### EXERCISE DESCRIPTION
Transcribe the lines below exactly. No image belongs in the transcription.

========================================

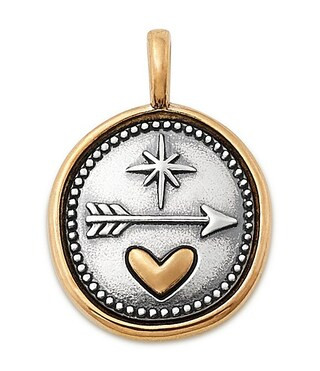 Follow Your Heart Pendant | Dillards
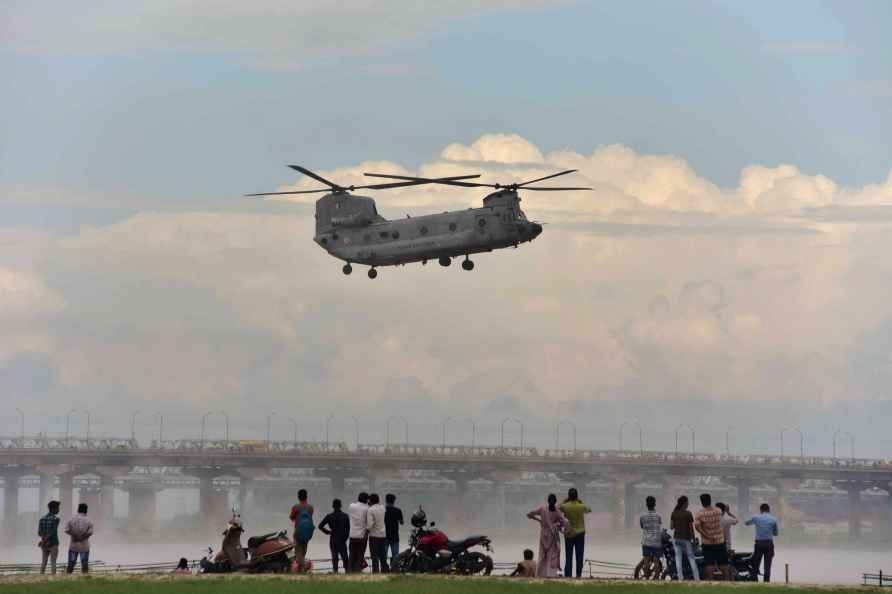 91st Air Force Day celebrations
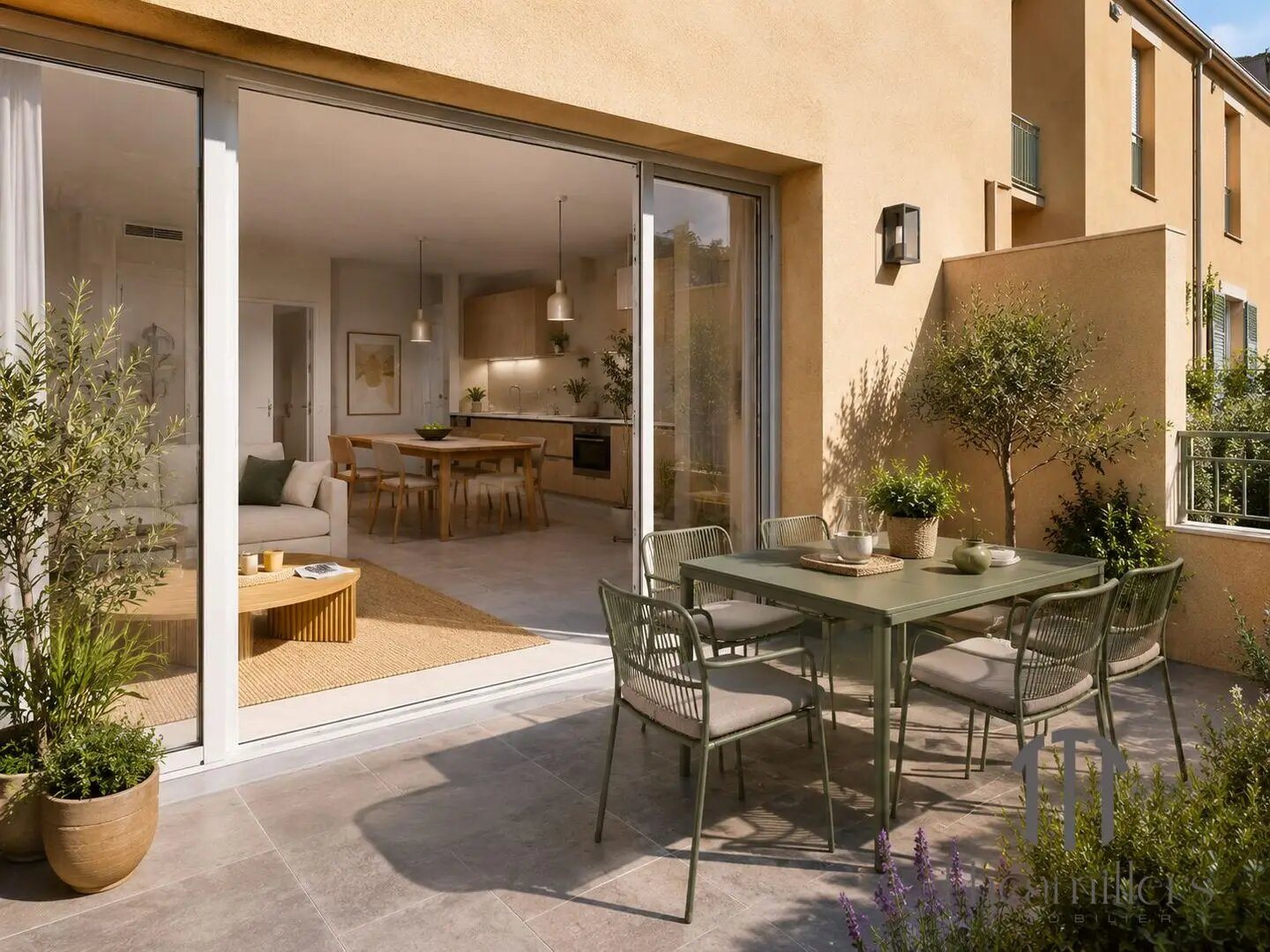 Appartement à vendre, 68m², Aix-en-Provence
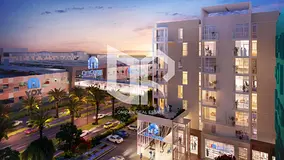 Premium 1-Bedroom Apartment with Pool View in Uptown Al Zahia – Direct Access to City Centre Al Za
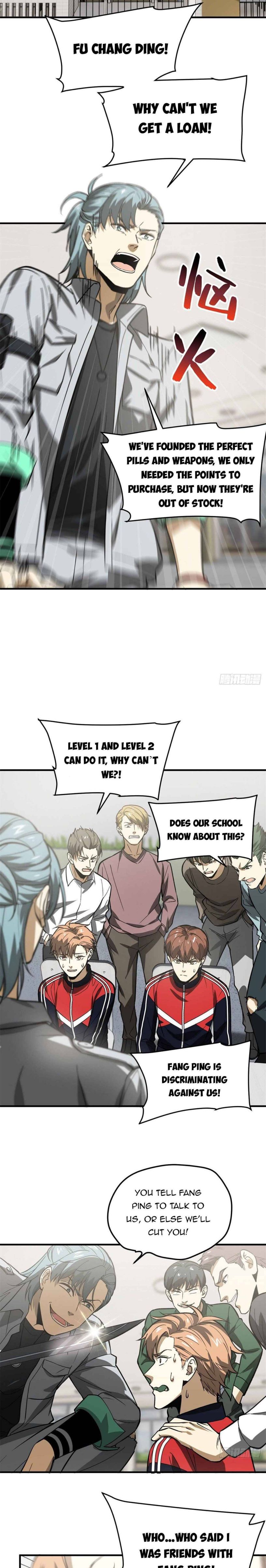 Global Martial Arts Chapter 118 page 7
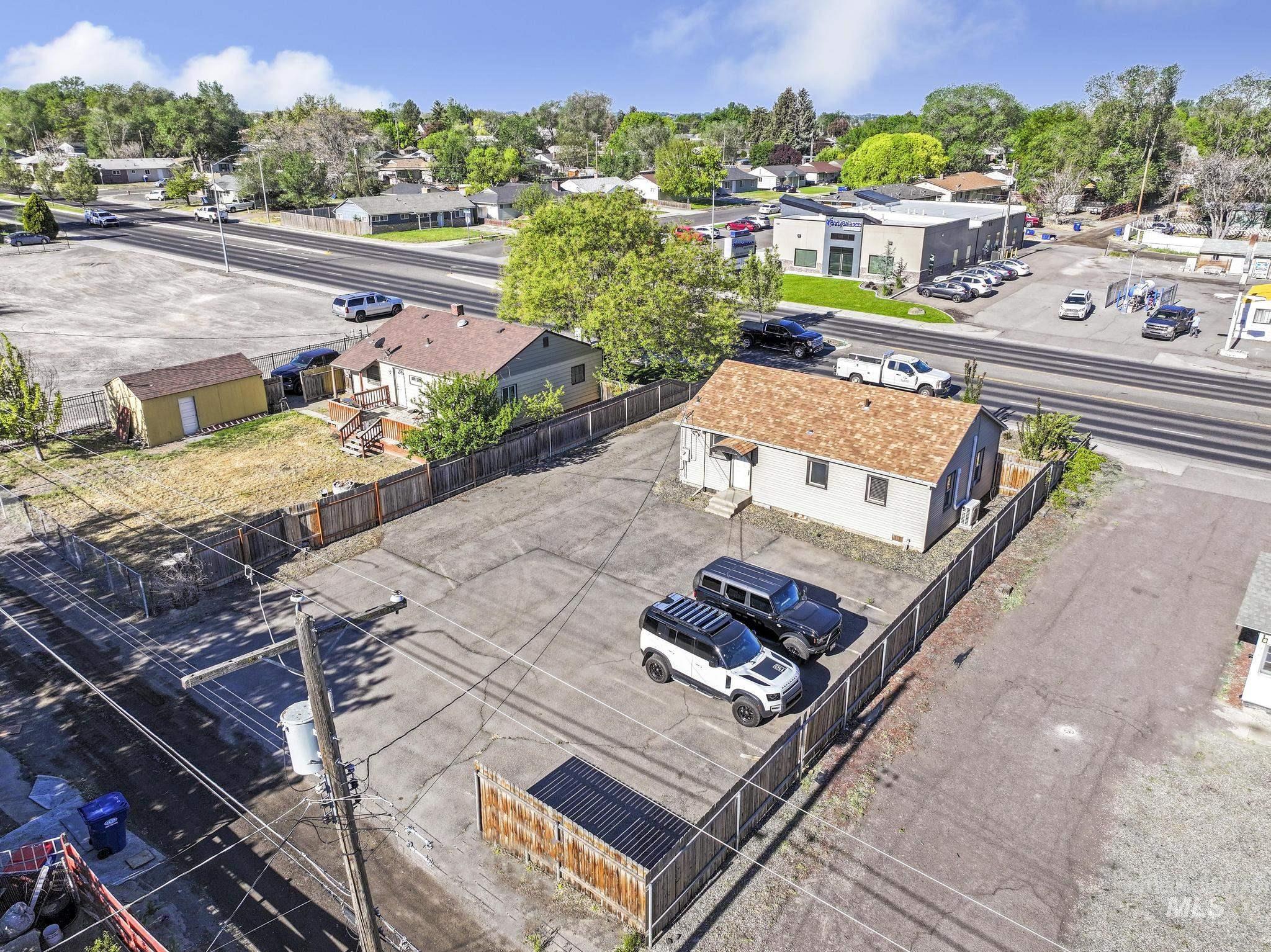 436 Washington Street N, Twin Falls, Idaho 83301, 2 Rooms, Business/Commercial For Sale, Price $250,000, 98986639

========================================

### FINISHED EXERCISE
 Follow Your Heart Pendant | Dillards
 91st Air Force Day celebrations
 Appartement à vendre, 68m², Aix-en-Provence
 Premium 1-Bedroom Apartment with Pool View in Uptown Al Zahia – Direct Access to City Centre Al Za
 Global Martial Arts Chapter 118 page 7
 436 Washington Street N, Twin Falls, Idaho 83301, 2 Rooms, Business/Commercial For Sale, Price $250,000, 98986639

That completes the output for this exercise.